When it comes to security, what you don’t know can hurt you. For many CISOs and security teams, this is embodied by IoT and connected devices. An estimated 30 billion IoT devices will be connected to businesses within the next five years. This explosion of connected devices has created a huge – and often hidden – attack surface for threat actors to exploit. Attack surface reduction is an imperative part of modern cybersecurity programs.

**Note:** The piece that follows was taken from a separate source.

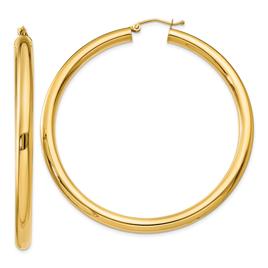 Gold Classics(tm) 14kt. Gold 4mm Thick Hoop Earrings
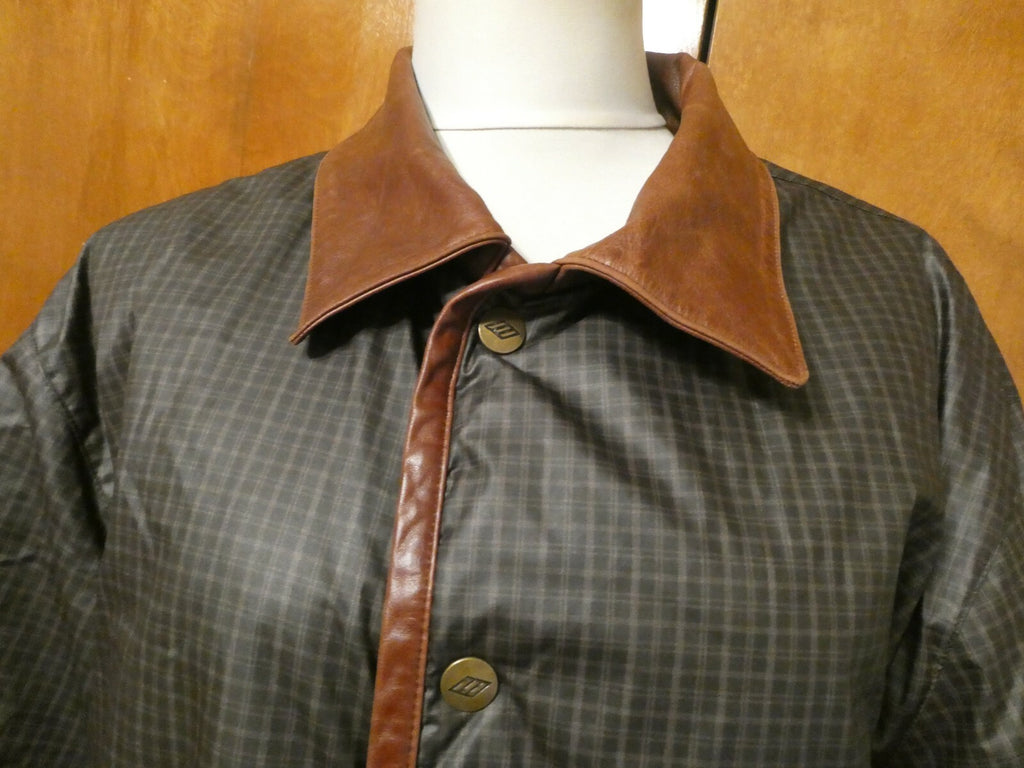 Joseph Abboud Women's Beige/Multicolor Reversible Jacket Coat Large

Security teams have long struggled to gain and maintain visibility into the devices that are being connected to corporate networks. In many organizations, it’s relatively easy for employees to connect devices to the network without notifying IT teams. Personal assistants, like Alexa and Google Home, wearables, mobile phones, and even novelty items, like fish tanks, are being added to networks every day, without security teams being notified.
When combined with a multitude of office devices that are now Internet connected – printers, cameras, thermostats, and more – the result is a dramatic expansion of “endpoints” that increase the attackable surface of an organization and create backdoors into enterprise networks.
Compounding the problem is the fundamental lack of industry standards and government regulations for IoT security – few IoT devices are developed with security in mind. Attackers have and will continue to exploit this – industry data shows that roughly 25% of attacks on enterprises involve IoT devices.
This is why gaining visibility into everything on a network, and having the means to control every device, is a foundational aspect of a strong security posture. Historically, one approach to gaining visibility into IoT devices on the network was for security teams to install software agents on the devices themselves as they were discovered. But this approach fails to address the underlying problem of hidden devices and is incredibly hard to scale in organizations with multiple network types.
The solution to the growing IoT security problem is centered on the power of AI to gain full visibility of the network, continuously monitor devices, and enforce security and privacy policies across all connected devices to reduce, monitor, and control the attack surface.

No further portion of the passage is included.